Re: Your comments on the Character Model [C150, C151] from Martin Duerst on 2004-01-29 (www-i18n-comments@w3.org from January 2004)

From: Martin Duerst <duerst@w3.org>
Date: Thu, 29 Jan 2004 18:18:41 -0500
To: "C. M. Sperberg-McQueen" <cmsmcq@acm.org>
Cc: www-i18n-comments@w3.org, w3c-i18n-ig@w3.org
Message-Id: <4.2.0.58.J.20040126110459.07800cf8@localhost>
Hello Michael,

This is to notify you, in a recorded form, that we have
reconsidered your arguments re. your comments
http://www.w3.org/International/Group/2002/charmod-lc/#C150 and
http://www.w3.org/International/Group/2002/charmod-lc/#C151.

We have realized that in the mail leading to
http://lists.w3.org/Archives/Public/www-i18n-comments/2003Feb/0000.html,
we have not given a detailed justification for our decisions.

We would like to explain our decisions and the reasons we made them,
including the reasons that came up when we reconsidered this.
We hope that this will help you to accept our decisions, and ask
you to tell us whether you are satisfied with our decisions and
explanations or not within a reasonable time (e.g. two weeks).

Regarding
http://www.w3.org/International/Group/2002/charmod-lc/#C150,
you write:

 > Sec. 1.1 says, inter alia, 'In this document, Unicode is used as a
 > synonym for the Universal Character Set.' I believe the term 'UCS'
 > would be better, because it is clearer and less subject to misconstruction.

We have used the term Unicode because it is much more widely used
than UCS. A lot more people have heard about Unicode than about UCS.
The tendency to use acronyms in programming and related subjects is
usually seen as a problem more than as a features, and we think that
where reasonably useful terms/words are available, these should be used.
Overall, the use of Unicode makes our specification more readable
without making it less precise.


 > It is clearer because the term 'Unicode' may reasonably be used to
 > denote (a) the consortium of that name, (b) the Univeral Character
 > Set defined by ISO/IEC 10646 and by the Unicode Standard, (c) the
 > UCS taken together with the additional rules defined by the Unicode
 > Standard, which Unicode does NOT share with ISO/IEC 10646, and (d)
 > the Unicode Standard itself. Despite the explicit statement that
 > in the character model spec the term 'Unicode' is used in sense (b),
 > I suspect the common use, elsewhere, of the term in senses (a), (d),
 > and especially (c), will necessarily color readers' perceptions
 > of the meaning of the text.

We have taken special care to only use the term "Unicode" without
qualifications in the meaning of (a). If you can find an instance
where this is not the case, we would be glad to fix this.


 > The term 'UCS' is also less likely to convey to casual readers that
 > it is really the Unicode Standard, not ISO/IEC 10646, which counts.
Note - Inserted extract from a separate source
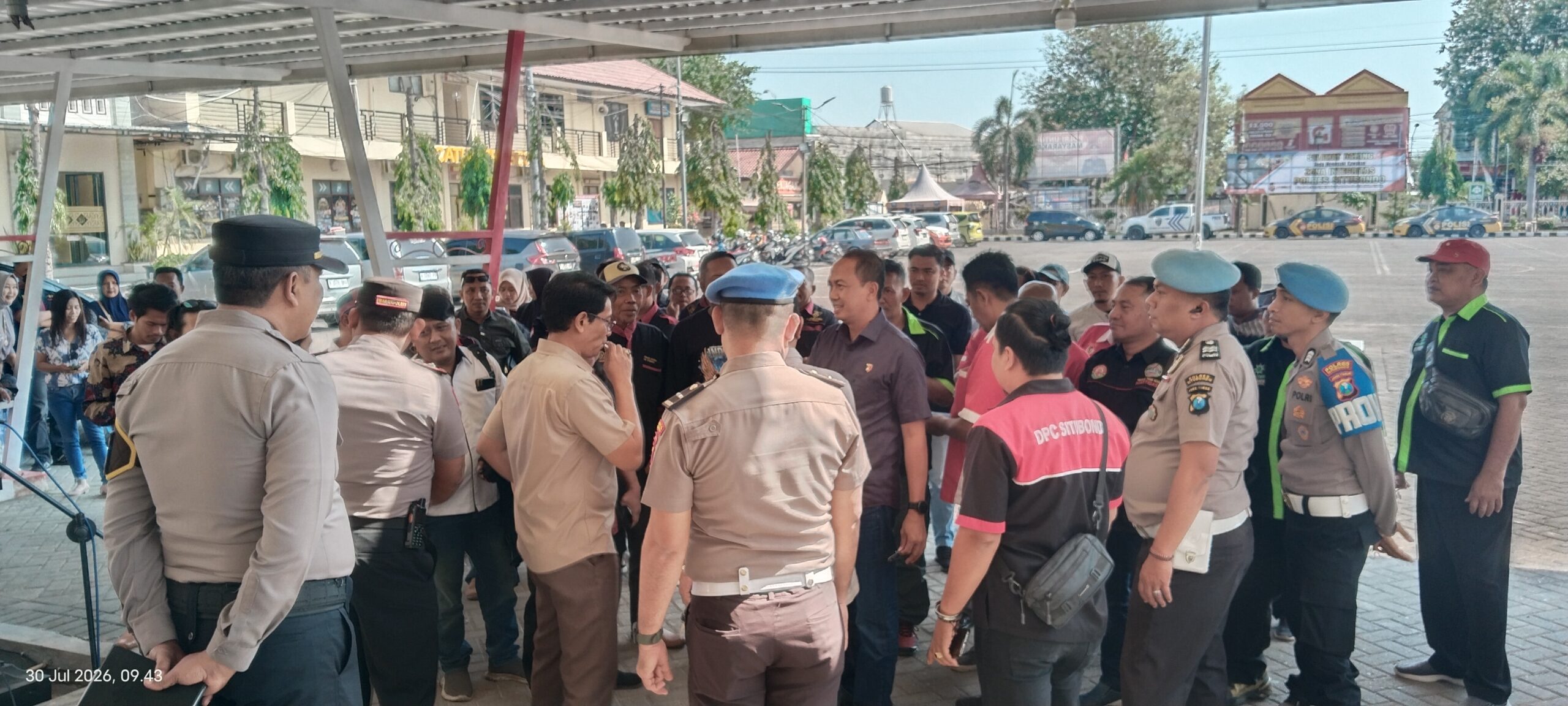 LSM Ber- SKP Melaporkan Dugaan (*Hoax*) Akun Tiktok DPC PDIP Ke Polres Situbondo 1 IMG 20260730 094348 scaled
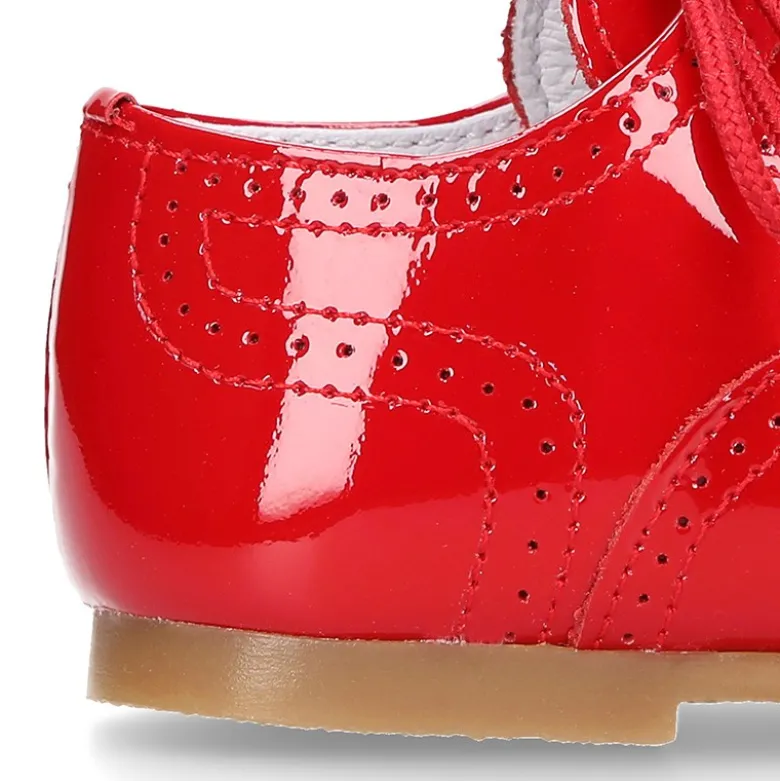 Zapatito inglés en piel charol ROJO.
Well, in certain cases, it actually IS the Unicode Standard, rather
than ISO/IEC 10646, that counts.


 > It is true, as you have pointed out from time to time, that the
 > Unicode Consortium and the responsible ISO/IEC technical committee
 > have worked well for some time now in keeping the two standards aligned.
 > I applaud that fact and the role some of you have individually played
 > in making it happen. But I remember too the years in which the two
 > organizations threatened to burden the world with two different and
 > incompatible universal character sets, and the roles some of you played
 > then, and I am unwilling that any W3C specification should risk conveying
 > the idea that if the two standards should diverge, the Web or the W3C
 > would naturally side with one or the other party.

We have watched the convergence between the Unicode Standard and
ISO/IEC 10646 over the years. It is not just that they have merged
over 10 years ago, but after that, they continuously moved closer
to each other. There are numerous examples of this, the last of
which is the transfer of the ISO collation standard to SC2/WG2
to allow better coordination between definition of new characters
and their (default) collation, as well as better coordination between
the UTC and ISO.

Sudden divergence between the Unicode Standard and ISO 10646 is
in theory possible, but in practice absolutely unlikely. In case
there would be even as much as just a hint of such a divergence,
W3C would neither side with one side or the other, but would
naturally put all its weight on both parties to convince them
to work together. W3C would also do everything necessary and
possible to mobilize other forces to exert their influence on
the UTC and ISO to avoid divergence. But as we know, the members
of the UTC and SC2 are very well aware of the need for continued
convergence, and we think that it is very unlikely that they
need to be reminded.


 > It would not be appropriate to use the term 'ISO/IEC 10646' (or just
 > '10646' for short) to refer to the UCS. It is also not appropriate
 > to use the term 'Unicode'.

The terms 'ISO/IEC 10646' or '10646' indeed lend itself much less
to use as words that 'Unicode'.

In http://lists.w3.org/Archives/Public/www-i18n-comments/2003Feb/0000.html,
you also say:

 > I regret to report that I find your rationale unconvincing.  If, as
 > you say in the response to C151, references to international standards
 > should invariably be preferred to references to corresponding national
 > standards, then how much more strongly ought specifications defined by
 > private industry consortia to be deprecated in favor of international
 > standards which define exactly the same technical content.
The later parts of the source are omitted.